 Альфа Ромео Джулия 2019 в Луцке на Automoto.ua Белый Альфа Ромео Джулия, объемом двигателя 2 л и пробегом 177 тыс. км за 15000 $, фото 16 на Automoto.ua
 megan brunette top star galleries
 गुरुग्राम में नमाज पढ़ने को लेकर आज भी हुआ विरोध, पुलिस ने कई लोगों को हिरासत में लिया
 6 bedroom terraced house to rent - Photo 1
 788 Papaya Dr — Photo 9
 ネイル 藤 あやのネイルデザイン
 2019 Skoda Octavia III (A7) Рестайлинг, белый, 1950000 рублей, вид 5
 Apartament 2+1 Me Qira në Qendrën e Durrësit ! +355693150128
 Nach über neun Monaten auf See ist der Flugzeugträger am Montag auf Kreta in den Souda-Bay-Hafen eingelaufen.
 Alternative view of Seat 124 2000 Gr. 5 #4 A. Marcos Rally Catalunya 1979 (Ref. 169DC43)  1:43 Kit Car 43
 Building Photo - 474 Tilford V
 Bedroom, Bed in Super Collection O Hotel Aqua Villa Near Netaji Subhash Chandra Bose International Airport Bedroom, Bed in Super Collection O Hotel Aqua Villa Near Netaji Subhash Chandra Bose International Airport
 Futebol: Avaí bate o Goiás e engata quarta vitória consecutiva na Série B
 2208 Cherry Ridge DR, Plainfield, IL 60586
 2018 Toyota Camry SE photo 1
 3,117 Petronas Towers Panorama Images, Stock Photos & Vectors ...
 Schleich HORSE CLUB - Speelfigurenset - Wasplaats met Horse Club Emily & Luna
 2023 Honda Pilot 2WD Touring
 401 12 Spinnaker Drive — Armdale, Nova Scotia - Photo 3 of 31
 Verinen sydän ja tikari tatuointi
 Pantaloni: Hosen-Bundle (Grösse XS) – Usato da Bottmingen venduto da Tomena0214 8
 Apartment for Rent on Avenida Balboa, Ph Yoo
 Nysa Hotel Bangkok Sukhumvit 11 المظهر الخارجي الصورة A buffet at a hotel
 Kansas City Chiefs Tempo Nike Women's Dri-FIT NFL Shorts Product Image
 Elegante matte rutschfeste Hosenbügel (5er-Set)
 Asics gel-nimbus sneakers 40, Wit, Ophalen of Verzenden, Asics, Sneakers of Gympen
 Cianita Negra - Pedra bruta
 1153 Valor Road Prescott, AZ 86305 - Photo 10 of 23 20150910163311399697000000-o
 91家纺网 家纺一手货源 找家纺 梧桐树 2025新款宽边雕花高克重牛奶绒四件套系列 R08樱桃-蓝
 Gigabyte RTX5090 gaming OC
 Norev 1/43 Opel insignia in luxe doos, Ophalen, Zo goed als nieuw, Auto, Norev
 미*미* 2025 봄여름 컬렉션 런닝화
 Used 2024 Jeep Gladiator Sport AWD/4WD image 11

_Exercise brief_:
The word "Hotel" is the filter: copy every line of the listing above that contains it.

_Expected output_:
 Bedroom, Bed in Super Collection O Hotel Aqua Villa Near Netaji Subhash Chandra Bose International Airport Bedroom, Bed in Super Collection O Hotel Aqua Villa Near Netaji Subhash Chandra Bose International Airport
 Nysa Hotel Bangkok Sukhumvit 11 المظهر الخارجي الصورة A buffet at a hotel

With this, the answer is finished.